Housing News Roundup: August 24, 2015
Editorial: In Minneapolis, Concentrated Poverty is a Bigger Threat than Gentrification
While some local residents are greeting new development along the Humboldt Greenway in northern Minneapolis with disdain and distrust, the Star Tribune editorial board believes it will go a long way in dissolving the concentrated poverty in the area. High-poverty census tracts in the country’s largest 50 cities have tripled, and in Minneapolis, much of these tracts are located in the northern part of the city. The editorial board argues that rising home values and increased homebuilding there are helping to leverage recent public investments made in the area, including green space and public amenities. According to the board, research from the Brookings Institution shows that “the gentle kind of gentrification in store for the Greenway neighborhoods tends to establish the very kind of mixed-income communities that so many city dwellers hold up as ideal.”
Source: Minneapolis Star Tribune
Charter Schools Close the Achievement Gap in New Orleans
Urban charter schools in New Orleans have made some of the most significant progress towards closing the achievement gap in the nation. In the aftermath of Katrina, the city had the rare opportunity to redesign much of its school system. Its reforms were deep a broad, with its hallmark achievement being a system of public charter schools. Through providing an average of 40 extra days of classroom time in math and 28 extra days of reading per year, the schools have raised the achievement of many of the poorest children in the city to almost that of children from affluent families. Furthermore, New Orleans students no longer perform behind grade level compared with the rest of the state. Perhaps the strongest endorsement of the new system is the fact that it is out-performing other districts in the state affected by Katrina that opted to rebuild their neighborhood-based school systems.

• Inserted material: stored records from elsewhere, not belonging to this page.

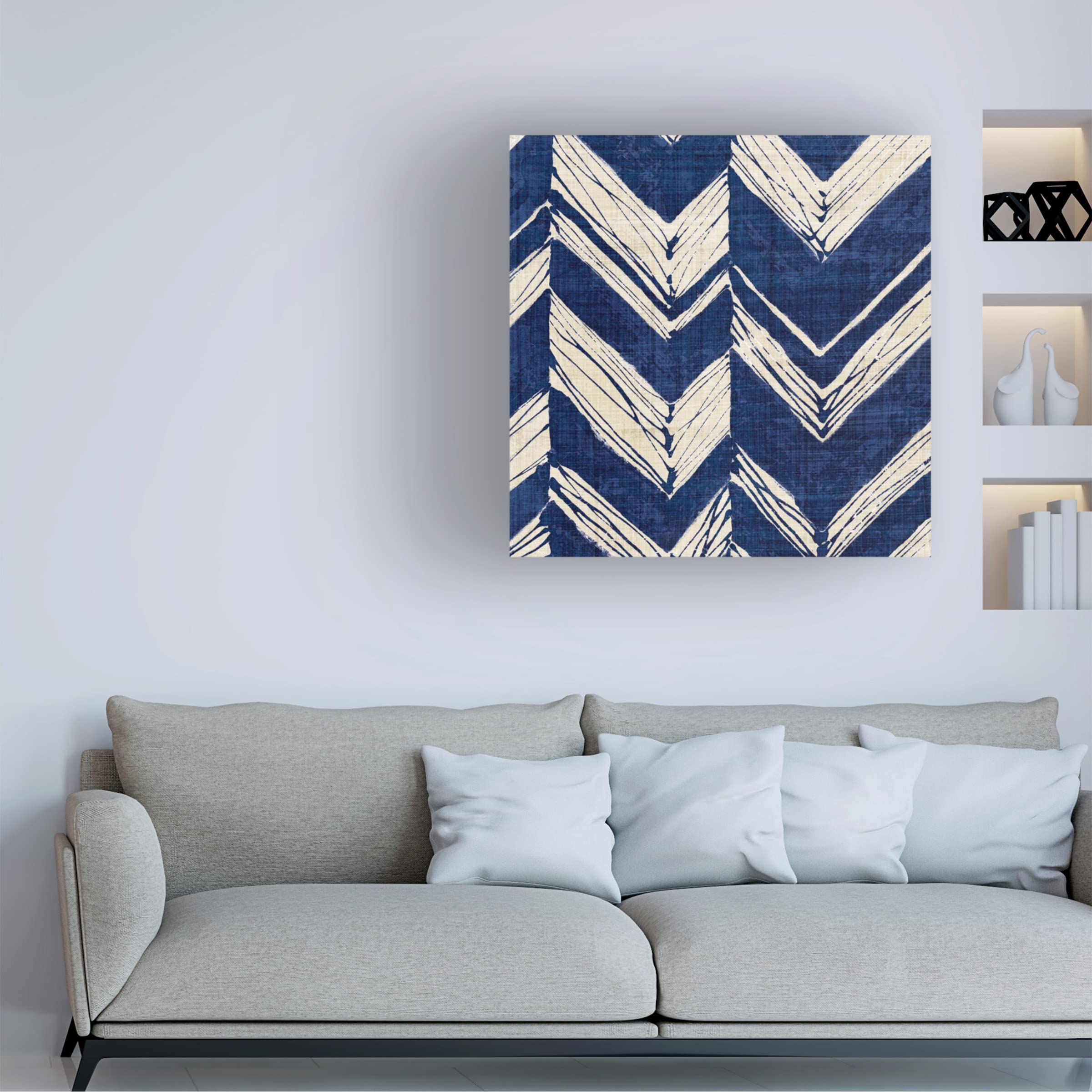 Trademark Fine Art 'Indigo Batik II' Canvas Wall Art Print by Wild Apple Portfolio - Modern Home Decor for Living Room, Bedroom & Office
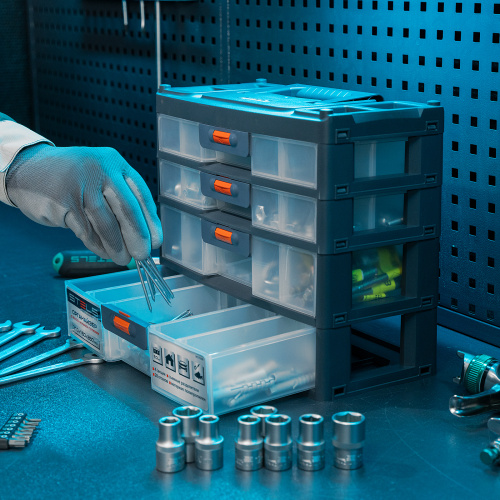 Органайзер для хранения с выдвижными лотками 310х150х260мм, 4 секции, пластик Stels по ценам производителя в Уфе с доставкой по всей России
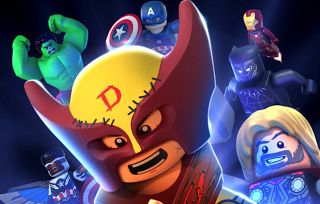 Colorful Lego versions of MCU superhero characters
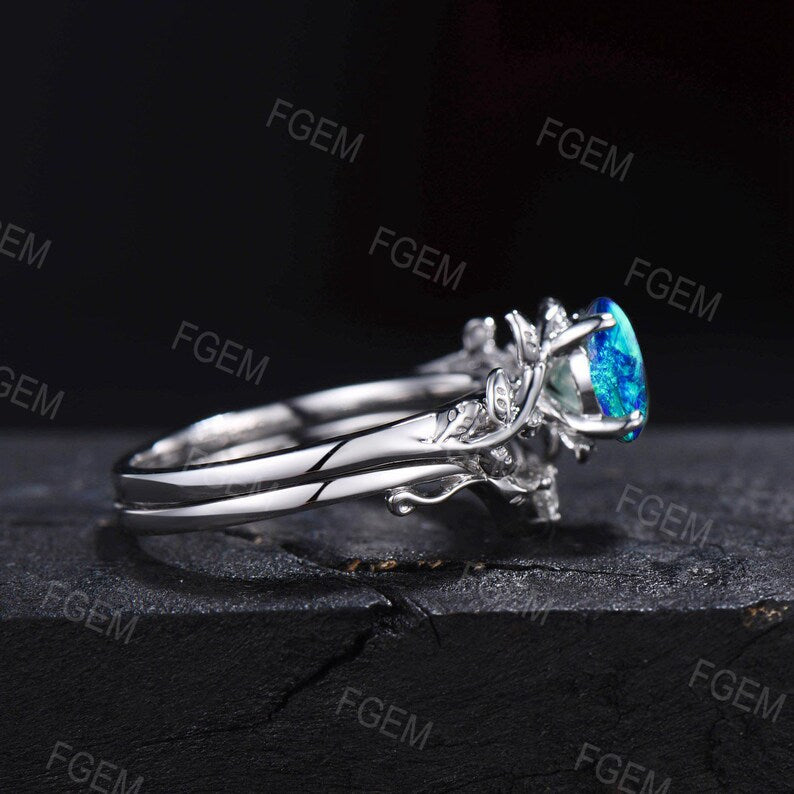 10K White Gold 1ct Round Cut Leaf Blue Fire Opal Emerald Engagement Ring Set Moss Agate Wedding Ring Twig Nature Inspired Opal Promise Ring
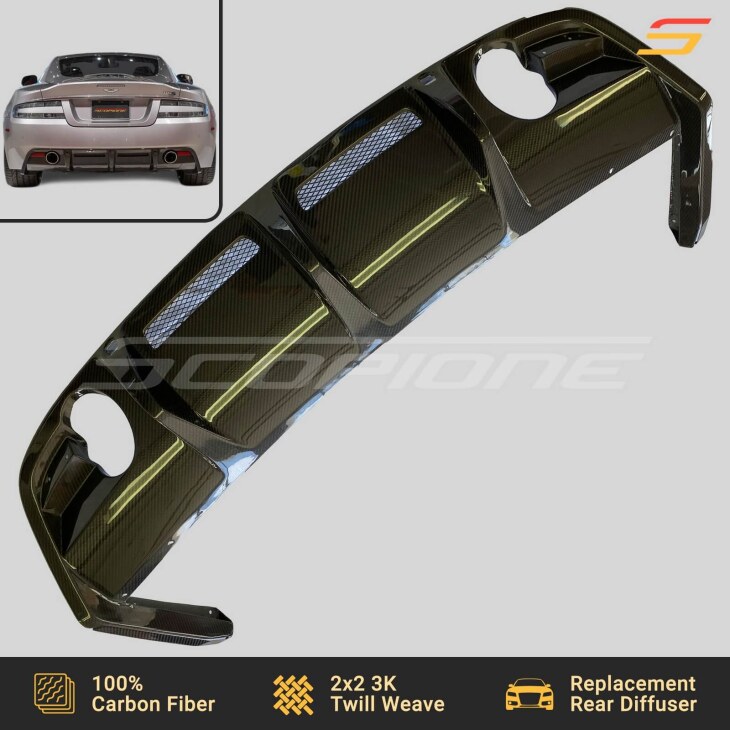 Scopione Carbon Fiber Rear Bumper Diffuser 2 for Aston Martin 06-12 V8 ...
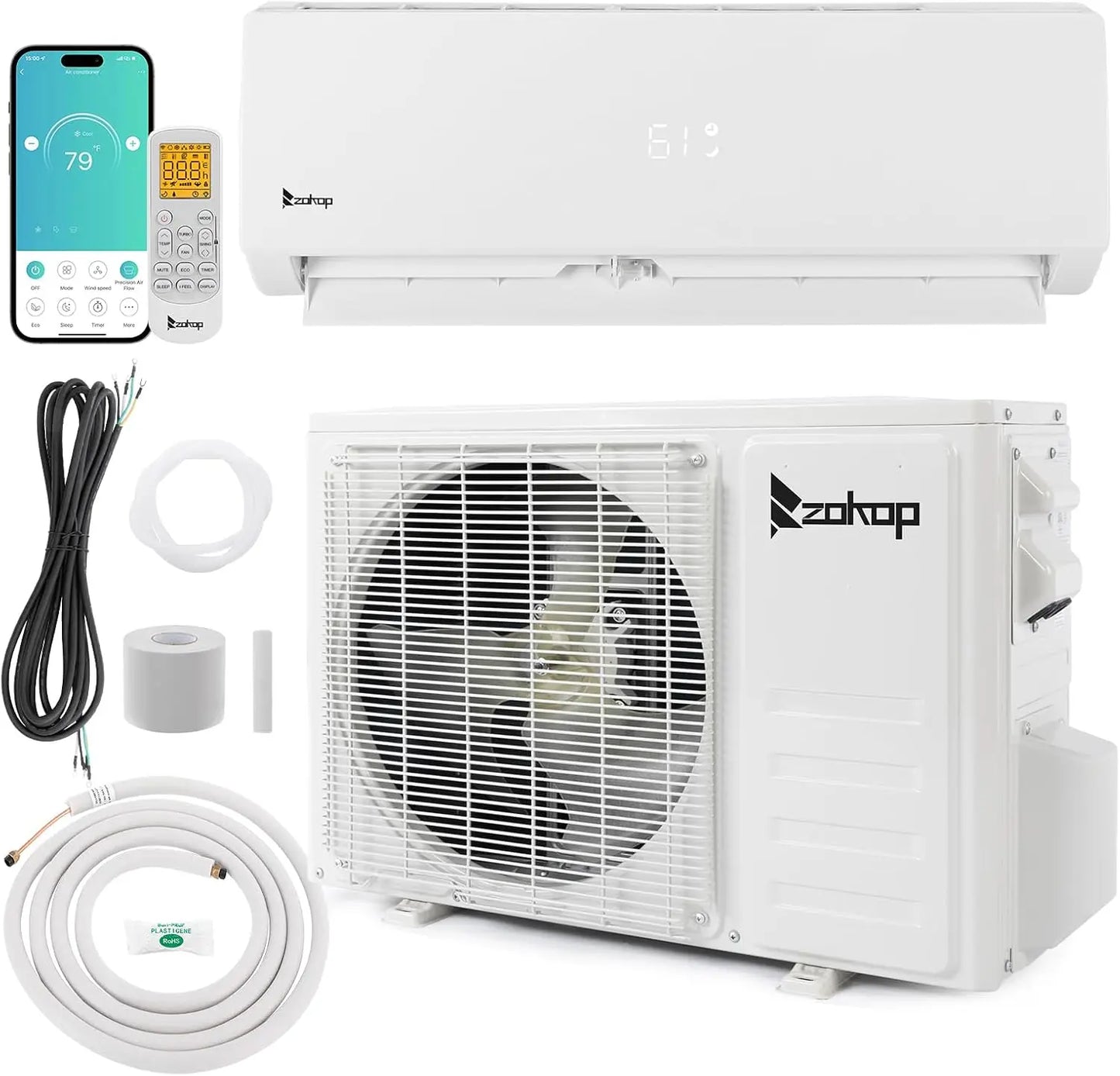 Wifi Enabled 12,000 BTU Mini Split Air Conditioner & Heater, 115V or 230V Split AC Unit Ductless Inverter System with, Custom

Source: New York Times Magazine
Boston Lawmakers Look Into Regulating Airbnb
While the majority of Airbnb users list their own dwelling for rent when they go out of town, a substantial share of users are advertising multiple listings, which means they are buying investment properties for the sole purpose of renting them out. Anyone renting multiple units is operating a lodging business free of regulation and taxes, a situation that makes Boston lawmakers uncomfortable. Airbnb says it is not opposed to some taxation and regulation, and that it has helped communities around the country fashion rules that enable homeowners to more easily share their homes. In fact, Airbnb users in Philadelphia, Chicago and Washington are all taxed. A major concern is that people renting out investment properties are reducing the already limited supply of housing across the city. Boston City Councilor Sal LaMattina says “I have concerns in terms of investors buying up properties so they can use them for Airbnb. It takes away from the housing stock, and rents go up.”
Source: The Boston Globe
New Orleans’s Rebound Has Left Behind the Black Middle Class
Despite the many strides made by New Orleans since Katrina, the statistics on the black population leave a lot to be desired. Compared with 2005, blacks in New Orleans have a higher unemployment rate, are more likely to live in poverty, lower household incomes, and a larger earnings gap between white and black residents. As a share of the population, whites have returned to their pre-storm total and Hispanics have grown substantially while blacks declined by 7 percent. Although a thriving start-up, grassroots culture is responsible for much of the city’s recovery, many feel it’s also responsible for the changing face of the city because it has led to rising home prices and an increasingly white middle class. Others disagree, arguing that many of the young black middle-class fled the city because of a poor job market, a trend which had been in force for years before the storm hit.